Dienstag, 18. September 2012

30 Tage übers Schreiben bloggen: Tag 1 - Lieblingsprojekt

Gerade bei Kati gesehen, die das Ganze aller Wahrscheinlichkeit nach bei Tina Alba gemopst hat, die es... sonstwoher hat ^^": Ein 30 Tage-Schreib-Meme. Man beantwortet jeden Tag eine von vielen Fragen in einem eigenen Blog-Artikel.

Ich finde das eine großartige Idee, um mich mal etwas genauer mit mir und meinem Schaffen auseinanderzusetzen (weil ich das sonst ja auch nicht mache, neeeein....). Und ihr habt es interessant zu finden, ob ihr wollt oder nicht! =P

Erzähl uns von deinem Lieblingsschreibprojekt. Warum ist es ausgerechnet dieses und kein anderes?

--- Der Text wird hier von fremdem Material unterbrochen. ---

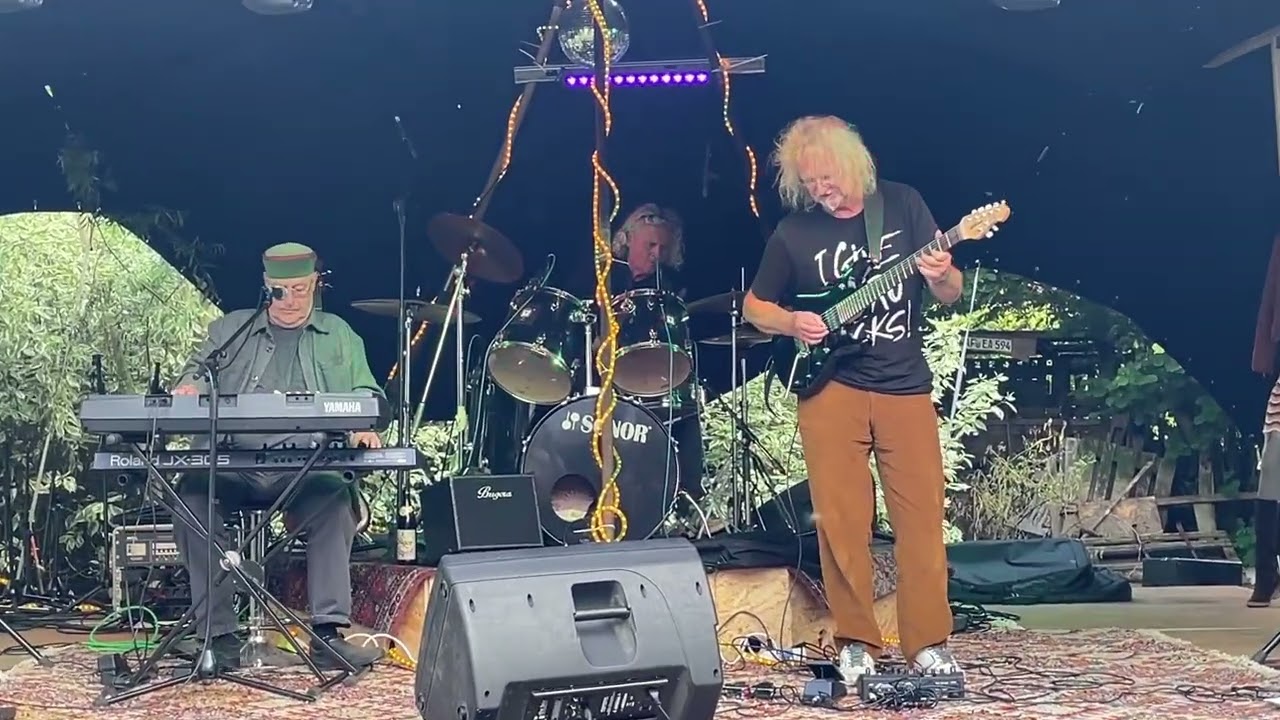 DAS KABINETT - DER NEBEL - LIVE - PLACE TO BE FESTIVAL 2025 - LIVE - DIE BOX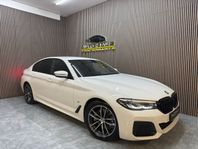 BMW 520 d xDrive M Sport Shadow Line LED Hifi Navi Drag Värm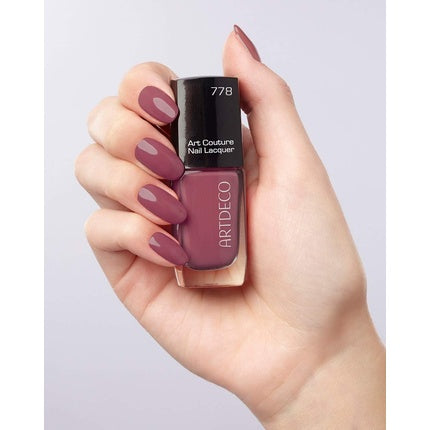 Lac de unghii Artdeco, Art Couture, 778 Earthy Mauve, 10ml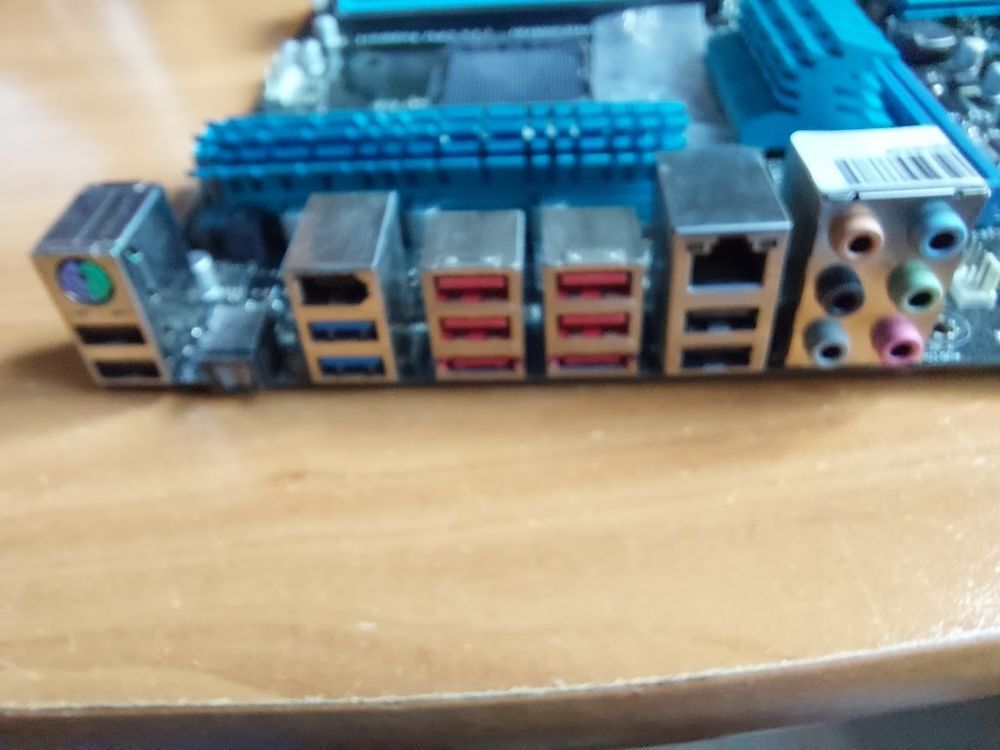 Carte m&egrave;re ASUSTeK M5A97 EVO R2.0 Matériel informatique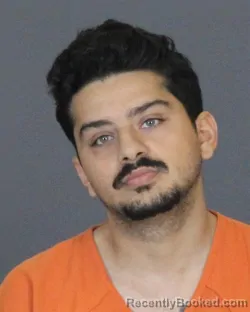 Mugshot of YOUSSEF ASHRAF GERGES booked in St Clair County, Michigan on April 29, 2026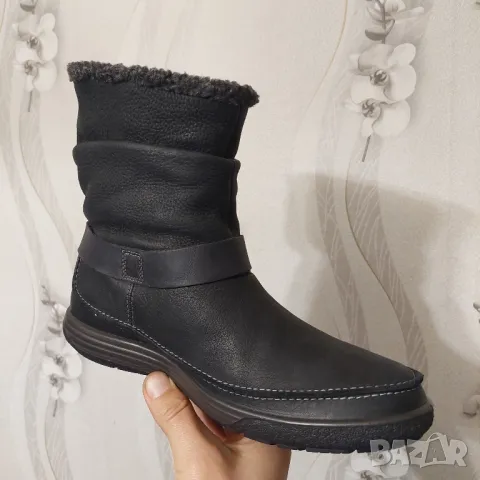 Зимни ботуши Ecco CHASE II GTX Gore-Tex  номер 41 , снимка 6 - Дамски ботуши - 48984472
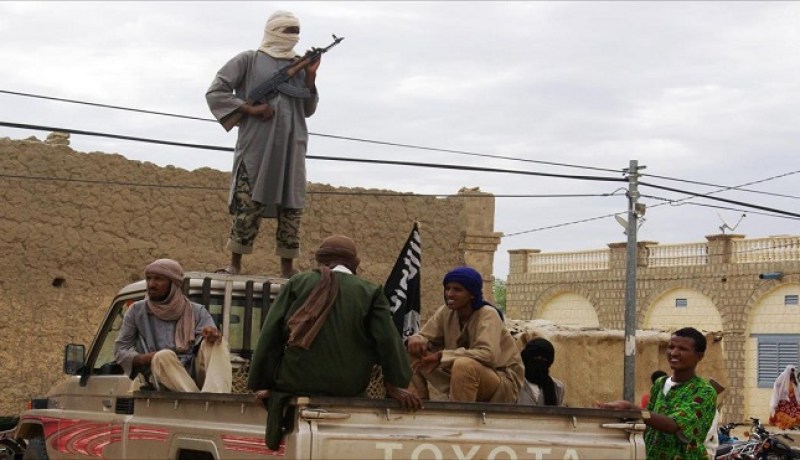 هجوم مسلح على مطار غاو وجماعة المرابطون تتبنى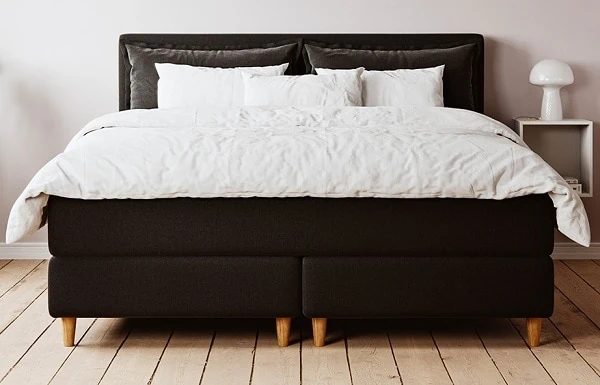 Senses - Bedst til prisen sengeserie i sort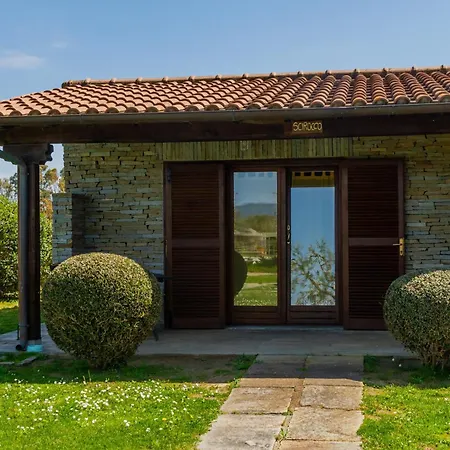 Alloggio per agriturismo Vento Di Maremma *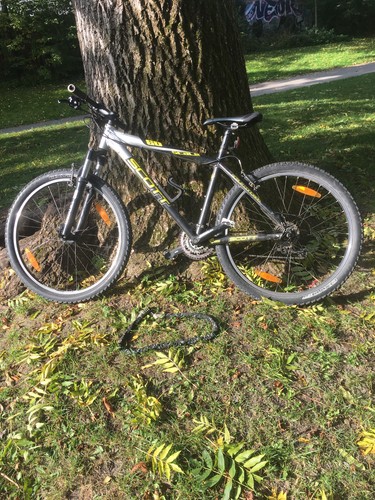Jugendfahrrad mountainbike - ,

Es fällt mir ehrlich gesagt schwer, meine Werke derart zu kategorisieren. Auf seine Art und Weise ist jedes davon ein Lieblingsprojekt. Es sind meine Ideen, meine "Babies" (auch liebevoll Gören oder Mistdinger genannt), und mein Herz hängt an ihnen, egal, wie sehr ich mich auch über sie ärgere.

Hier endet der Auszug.